• [WHAT THE TASK ASKS]
Below is a set of entries. Print the line that contains "Rca Informatique - image" and every later line word for word, through the final one.

Records from a data collection
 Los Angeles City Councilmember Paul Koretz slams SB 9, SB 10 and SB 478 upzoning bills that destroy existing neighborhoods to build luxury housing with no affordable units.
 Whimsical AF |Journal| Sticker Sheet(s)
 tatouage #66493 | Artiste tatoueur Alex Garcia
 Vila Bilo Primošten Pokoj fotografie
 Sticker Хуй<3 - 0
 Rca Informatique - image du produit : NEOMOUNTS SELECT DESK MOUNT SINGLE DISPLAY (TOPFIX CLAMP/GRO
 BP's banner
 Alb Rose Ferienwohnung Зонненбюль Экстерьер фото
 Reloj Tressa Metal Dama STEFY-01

• [ANSWER AREA]
 Rca Informatique - image du produit : NEOMOUNTS SELECT DESK MOUNT SINGLE DISPLAY (TOPFIX CLAMP/GRO
 BP's banner
 Alb Rose Ferienwohnung Зонненбюль Экстерьер фото
 Reloj Tressa Metal Dama STEFY-01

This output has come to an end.